His bed and ice machine that wrapped around his knee took up most of their room. Blake and I traded out changing the ice and helping him to the bathroom. He fully recovered to play his senior year, up to and including State playoffs. But the doctors told us he would only have a few good years to play after such an injury. He could play through college, but after that was uncertain.
He came back to live with me after his first semester of college, while Blake was in school three hours away in Austin. Larry had started smoking marijuana in college, and he flunked out and was suspended from the team. He helped take care of me, the house, and the dogs and cat. He loved our cat, and all the animals loved him. He kept me from being lonely and empty nested for that first year. He filled me in on an issue my son had been having for almost a year without my knowing. He was always there for Blake.

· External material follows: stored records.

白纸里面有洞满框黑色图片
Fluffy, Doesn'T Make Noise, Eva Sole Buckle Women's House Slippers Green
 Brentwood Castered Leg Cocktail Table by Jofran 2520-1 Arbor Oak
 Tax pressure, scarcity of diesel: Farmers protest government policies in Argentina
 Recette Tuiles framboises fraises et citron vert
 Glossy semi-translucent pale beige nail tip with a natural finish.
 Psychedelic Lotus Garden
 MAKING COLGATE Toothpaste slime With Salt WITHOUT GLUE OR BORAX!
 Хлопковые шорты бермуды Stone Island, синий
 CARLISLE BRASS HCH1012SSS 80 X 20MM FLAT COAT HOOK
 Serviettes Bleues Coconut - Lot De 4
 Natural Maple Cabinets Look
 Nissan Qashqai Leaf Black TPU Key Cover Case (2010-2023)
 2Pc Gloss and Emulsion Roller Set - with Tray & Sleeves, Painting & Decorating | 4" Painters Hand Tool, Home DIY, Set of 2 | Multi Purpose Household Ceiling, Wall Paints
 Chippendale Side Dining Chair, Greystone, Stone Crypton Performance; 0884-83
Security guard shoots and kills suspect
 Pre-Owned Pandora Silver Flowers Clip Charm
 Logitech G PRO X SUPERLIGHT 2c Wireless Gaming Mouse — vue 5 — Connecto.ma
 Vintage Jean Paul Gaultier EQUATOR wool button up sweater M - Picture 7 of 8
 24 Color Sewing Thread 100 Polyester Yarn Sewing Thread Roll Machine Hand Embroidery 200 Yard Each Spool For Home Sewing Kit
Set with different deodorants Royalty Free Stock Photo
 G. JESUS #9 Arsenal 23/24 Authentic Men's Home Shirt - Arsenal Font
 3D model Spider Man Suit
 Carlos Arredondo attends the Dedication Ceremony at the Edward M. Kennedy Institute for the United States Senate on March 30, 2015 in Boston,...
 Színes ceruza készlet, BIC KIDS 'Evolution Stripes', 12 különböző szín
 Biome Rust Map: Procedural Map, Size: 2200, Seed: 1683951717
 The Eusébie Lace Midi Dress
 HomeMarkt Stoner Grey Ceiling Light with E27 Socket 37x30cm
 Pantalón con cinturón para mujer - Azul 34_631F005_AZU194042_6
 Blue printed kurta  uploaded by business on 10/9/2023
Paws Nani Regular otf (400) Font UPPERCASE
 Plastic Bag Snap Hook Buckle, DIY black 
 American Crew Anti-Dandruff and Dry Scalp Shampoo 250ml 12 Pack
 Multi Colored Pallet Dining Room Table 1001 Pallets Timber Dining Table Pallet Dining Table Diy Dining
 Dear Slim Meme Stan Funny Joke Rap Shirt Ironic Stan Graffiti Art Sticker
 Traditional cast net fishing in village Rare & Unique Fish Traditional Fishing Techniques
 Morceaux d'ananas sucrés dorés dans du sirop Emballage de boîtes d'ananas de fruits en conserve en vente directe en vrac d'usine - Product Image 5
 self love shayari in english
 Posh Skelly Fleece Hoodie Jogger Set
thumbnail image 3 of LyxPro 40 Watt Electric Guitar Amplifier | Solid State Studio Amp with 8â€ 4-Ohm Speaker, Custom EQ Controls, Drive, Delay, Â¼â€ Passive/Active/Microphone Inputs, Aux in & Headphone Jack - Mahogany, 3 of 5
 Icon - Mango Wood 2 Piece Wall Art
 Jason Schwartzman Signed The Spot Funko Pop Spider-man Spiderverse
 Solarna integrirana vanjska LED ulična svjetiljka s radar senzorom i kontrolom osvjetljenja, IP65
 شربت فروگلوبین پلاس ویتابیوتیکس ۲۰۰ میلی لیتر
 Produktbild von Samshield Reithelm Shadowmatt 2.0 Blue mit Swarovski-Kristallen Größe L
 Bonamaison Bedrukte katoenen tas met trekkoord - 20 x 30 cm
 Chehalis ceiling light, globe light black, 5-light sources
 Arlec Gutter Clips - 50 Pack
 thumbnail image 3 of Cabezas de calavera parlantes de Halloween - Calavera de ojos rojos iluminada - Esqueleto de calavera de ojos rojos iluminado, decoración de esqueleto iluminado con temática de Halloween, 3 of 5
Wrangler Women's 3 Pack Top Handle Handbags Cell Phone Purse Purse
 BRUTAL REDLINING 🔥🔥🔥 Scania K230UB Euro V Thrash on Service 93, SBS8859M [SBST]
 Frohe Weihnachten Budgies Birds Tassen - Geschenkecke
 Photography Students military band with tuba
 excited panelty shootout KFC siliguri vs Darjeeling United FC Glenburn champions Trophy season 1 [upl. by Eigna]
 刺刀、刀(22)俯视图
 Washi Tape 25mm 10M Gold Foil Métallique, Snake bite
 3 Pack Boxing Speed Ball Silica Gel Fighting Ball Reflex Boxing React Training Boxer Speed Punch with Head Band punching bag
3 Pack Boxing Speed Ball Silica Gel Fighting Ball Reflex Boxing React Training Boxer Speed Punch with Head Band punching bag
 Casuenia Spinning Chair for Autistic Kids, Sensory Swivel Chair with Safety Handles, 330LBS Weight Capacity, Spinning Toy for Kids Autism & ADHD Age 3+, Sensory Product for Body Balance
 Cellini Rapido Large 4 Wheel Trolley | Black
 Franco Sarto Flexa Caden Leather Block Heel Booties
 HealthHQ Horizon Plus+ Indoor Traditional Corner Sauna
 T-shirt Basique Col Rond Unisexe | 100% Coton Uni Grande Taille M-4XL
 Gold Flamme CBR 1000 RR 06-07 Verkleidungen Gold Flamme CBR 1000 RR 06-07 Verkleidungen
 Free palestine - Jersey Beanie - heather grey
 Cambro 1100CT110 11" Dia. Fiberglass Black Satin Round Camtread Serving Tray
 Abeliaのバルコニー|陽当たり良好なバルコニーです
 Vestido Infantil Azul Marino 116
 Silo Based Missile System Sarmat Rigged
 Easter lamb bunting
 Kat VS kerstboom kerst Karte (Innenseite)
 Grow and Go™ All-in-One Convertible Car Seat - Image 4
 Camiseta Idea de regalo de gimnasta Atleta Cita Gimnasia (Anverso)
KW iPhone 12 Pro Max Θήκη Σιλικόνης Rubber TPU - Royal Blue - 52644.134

He got a job, and when I moved to Austin, he moved in with friends. We kept in touch sporadically. He visited a few times, and we would contact him when we were in Fort Worth. Birthdays, Holidays, Mother’s Day. This was a message from him in 2017.
Hey, how’s life been mom? You know I think about how much you helped me so much in my life when i needed it most. Thank you!! Even though i threw everything away by making dumb decisions. Love you though.
I answered, “Thank you! I love you, too. What can I do to help now?”
He didn’t answer, although that wasn’t our last communication. We texted more for the next two years. But this is what I wish I had said in those messages:
I love you, too, my darling. From then, to now, to forever. You did make dumb decisions. But I could and should have helped even more when you were trying to turn those decisions around.
And you didn’t throw everything away. You became a loving step parent to a daughter. You paid it forward. You were an excellent friend and brother to Blake. He gives you credit for encouraging his basketball career. Finally, you were happy, which was all I ever wished for you.